2. Apparatus as defined in claim 1 wherein said chamber tapers increasing in diameter in a direction from the inlet thereto toward the outlet therefrom.
6. Apparatus as defined in claim 5 wherein said centrifugal separator is disposed coaxially with said annular elongate mixing chamber.
7. Apparatus as defined in claim 6 wherein said centrifugal separator has an elongate separating chamber extending axially along and concentric with said annular elongate mixing chamber.
10. Apparatus as defined in claim 9 wherein said chamber tapers outwardly in a direction from the inlet thereto toward the outlet therefrom.
11. Apparatus as defined in claim 10 wherein the inner wall of the chamber comprises the outer conical surface of a member movable in a direction into and out of a cavity in another member and wherein said other member is journalled for rotation about said central axis.
12. Apparatus as defined in claim 11 wherein said central axis is vertical during operation of the apparatus.
13. Apparatus as defined in claim 9 wherein material flow through said passages is assisted by gravity and wherein flow through said annular chamber is resisted by gravity.
16. Apparatus as defined in claim 15 wherein said outlet is an annular gap extending around said common axis.
17. Apparatus as defined in claim 15 wherein said outlet from the chamber is an annular gap between said spaced apart wall surfaces and wherein said gap is concentric and symmetrically disposed about said common axis.
18. Apparatus as defined in claim 17 wherein said chamber is annular in the form of a truncated cone.
20. Apparatus as defined in claim 19 wherein said outlet is an annular gap between said opposing walls.
21. Apparatus as defined in claim 19 wherein said opposing wall faces each have a plurality of said concentric grooves and wherein the grooves in one face are radially offset from the grooves in the other face, whereby said mixing chamber comprises a plurality of annular tapered chamber portions in series in a direction radiating out from said common axis.
22. Apparatus as defined in claim 19 wherein said grooves are V-shaped.
25. Apparatus as defined in claim 24 wherein said mixing chamber is defined by the outer surface of a first cylindrical member and a conical cavity in a second member.
26. Apparatus as defined in claim 24 wherein said mixing chamber is defined by the outer surface of a first conical member and a cylindrical cavity in a second member.
27. Apparatus as defined in claim 24 wherein said mixing chamber is defined by the outer surface of a first conical member and a conical cavity in a second member.
28. Apparatus as defined in claim 24 wherein said mixing chamber is defined by a pair of members having opposing surfaces facing one another and spaced apart a selected distance to provide a chamber therebetween, said opposing walls being perpendicular to said common axis and each having a plurality of grooves concentrically disposed about said axis.
29. Apparatus as defined in claim 24 wherein the inner and outer wall surfaces forming said mixing chamber have separate parallel axes.

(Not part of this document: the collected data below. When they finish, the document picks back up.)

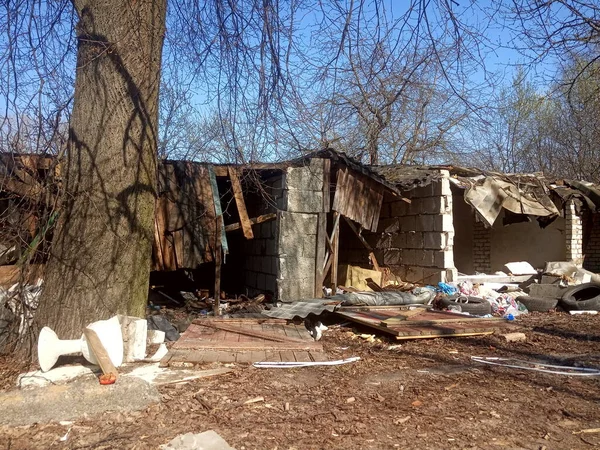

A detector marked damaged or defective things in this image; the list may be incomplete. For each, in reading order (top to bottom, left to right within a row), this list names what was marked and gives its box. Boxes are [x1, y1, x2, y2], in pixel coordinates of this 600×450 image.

broken wooden plank [226, 168, 252, 239]
broken wooden plank [224, 212, 278, 230]
broken white porcelain [38, 314, 125, 370]
broken concrete slab [0, 376, 158, 426]
broken concrete slab [162, 428, 237, 450]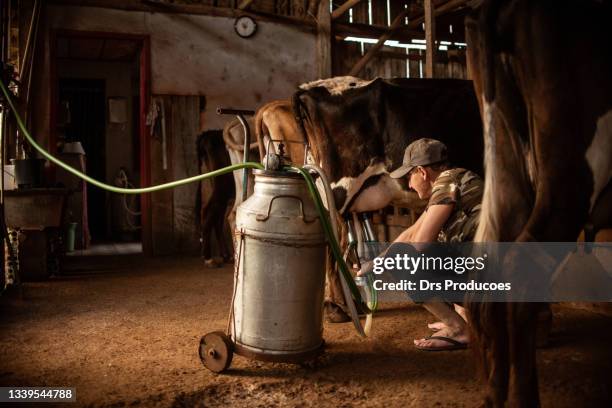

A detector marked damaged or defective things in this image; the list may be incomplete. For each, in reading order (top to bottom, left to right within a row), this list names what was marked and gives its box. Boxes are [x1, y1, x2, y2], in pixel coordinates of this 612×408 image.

rusty wheel [200, 332, 233, 372]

This is a continuation-in-part of application Ser. No. 771,606, filed Sept. 3, 1985, now abandoned.

This invention relates to a method and apparatus for mixing two or more materials or mediums normally considered difficult to intermix such as, for example, immiscible viscous fluids, to a unit consisting of such mixing apparatus in combination with a centrifugal separator. The invention is directed mainly to a method and apparatus for mixing immiscible liquids containing reactants and separating the products after reaction, but the mixing portion of the apparatus is also particularly adapted for use in entraining a gas in a liquid or in the formation of ceramic particles. This invention is particularly applicable where intimate mixing of viscose liquids is required and which is difficult by conventional methods and where intimate mixing of liquids containing reactants promotes the extent of reaction.

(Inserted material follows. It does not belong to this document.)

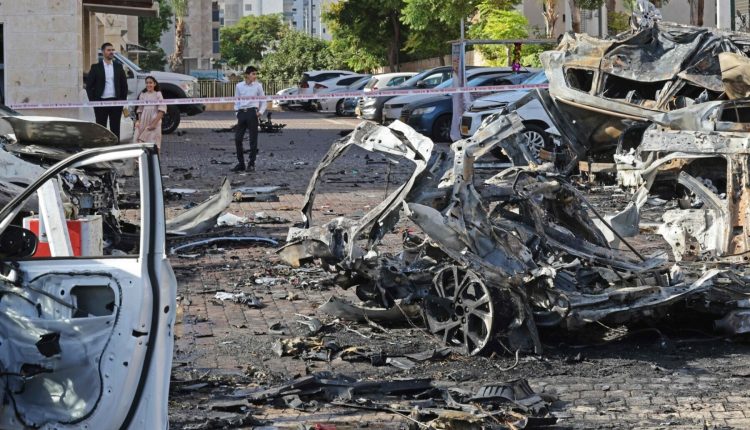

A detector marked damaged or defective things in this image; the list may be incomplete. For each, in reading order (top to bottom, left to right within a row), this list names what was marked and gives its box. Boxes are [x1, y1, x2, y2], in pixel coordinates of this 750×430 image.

burnt car wheel [162, 105, 181, 135]
burned car wreck [280, 111, 750, 356]
burnt car wheel [426, 268, 496, 354]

The mixer of the present invention has utility in numerous different areas of technology that require preparing intimate mixtures of immiscible liquids, for example, preparing coal-water mixtures, coal-oil-water mixtures, mixtures of aliphatic and aromatic compounds contacting two or more reagents and the like. Also, as mentioned above, the mixer portion can be used for entraining a gas in a liquid or for forming particles to a specific size. The combination of the mixer and separator also has numerous areas of application, for example, extraction of metals from solution, separation of aliphatic aromatic compounds in reformate solutions, separation of acids from fish and vegetable oils and removal of contaminants from plant effluents.

In known liquid-liquid extractors, contacting and separation of the liquids is performed in the same vessel. The act of separating the liquids is caused by a centrifugal field and the differences in the various type of extractors is the means utilized for contacting the two or more liquids.

Liquid-liquid countercurrent extraction is employed in what is know as the Podbialnaiak centrifugal extractor. The centrifuge contains concentric cylinders slotted at 180° intervals. Light liquid, introduced at the periphery of the rotor, is displaced inward by heavy liquid flowing outward from the axis. In passing through the rotor both phases form new interfacial area at which extraction takes place.

Other known extractors are the Westphalia, Delaval and Quadronic, all of which are similar to the foregoing each differing from the other by the method of contacting.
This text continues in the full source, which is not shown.